TASK TO CARRY OUT =>
Return all of the following entries as written, but without the images.

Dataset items
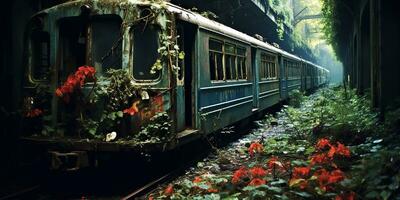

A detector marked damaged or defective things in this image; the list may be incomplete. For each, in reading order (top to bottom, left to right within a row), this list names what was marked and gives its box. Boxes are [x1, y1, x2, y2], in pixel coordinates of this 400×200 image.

broken window [30, 30, 49, 80]
broken window [90, 14, 122, 74]
broken window [133, 23, 161, 80]
rusty train car [21, 0, 328, 170]
broken window [209, 39, 225, 81]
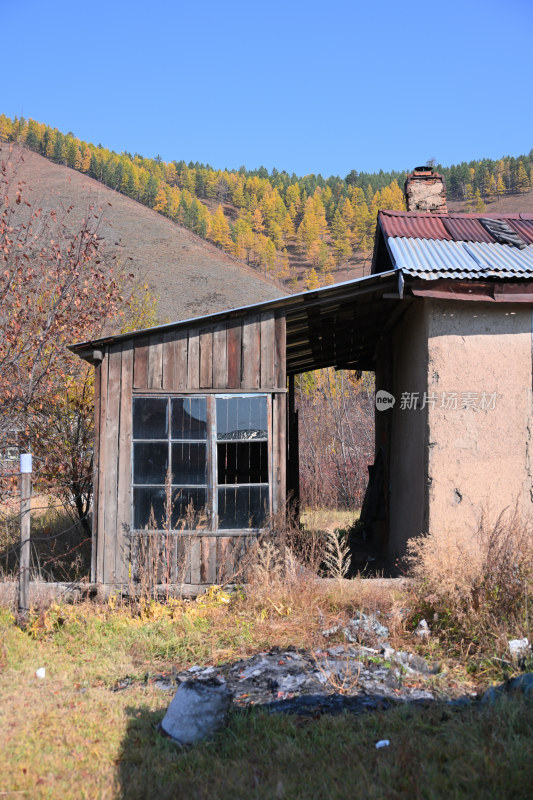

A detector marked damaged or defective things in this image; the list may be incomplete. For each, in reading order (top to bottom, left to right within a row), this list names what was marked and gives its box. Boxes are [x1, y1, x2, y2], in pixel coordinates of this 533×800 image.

rusty metal roof panel [378, 211, 448, 239]
rusty metal roof panel [440, 217, 494, 242]
rusty metal roof panel [386, 238, 533, 282]
broken window pane [132, 398, 167, 440]
broken window pane [174, 396, 209, 440]
broken window pane [215, 396, 266, 440]
broken window pane [132, 440, 167, 484]
broken window pane [175, 440, 208, 484]
broken window pane [215, 440, 266, 484]
broken window pane [133, 484, 166, 528]
broken window pane [217, 484, 268, 528]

SOLUTION TO THE PROBLEM =>
A detector marked damaged or defective things in this image; the list may be incomplete. For each, in reading order (top to bottom, left to right within a row), this list names what was marked and gives its box. Boxes are [x1, y1, x2, y2], in pixel coordinates of this 400×200 image.

broken window [30, 30, 49, 80]
broken window [90, 14, 122, 74]
broken window [133, 23, 161, 80]
rusty train car [21, 0, 328, 170]
broken window [209, 39, 225, 81]

A detector marked damaged or defective things in this image; the list may be incomplete. For each, in reading order (top to bottom, left to right within a row), this list names what was marked and gives its box. Boxes are [x1, y1, x2, y2], in pixel coordinates of this 533×800 image.

rusty metal roof panel [378, 211, 448, 239]
rusty metal roof panel [440, 217, 494, 242]
rusty metal roof panel [386, 238, 533, 282]
broken window pane [132, 398, 167, 440]
broken window pane [174, 396, 209, 440]
broken window pane [215, 396, 266, 440]
broken window pane [132, 440, 167, 484]
broken window pane [175, 440, 208, 484]
broken window pane [215, 440, 266, 484]
broken window pane [133, 484, 166, 528]
broken window pane [217, 484, 268, 528]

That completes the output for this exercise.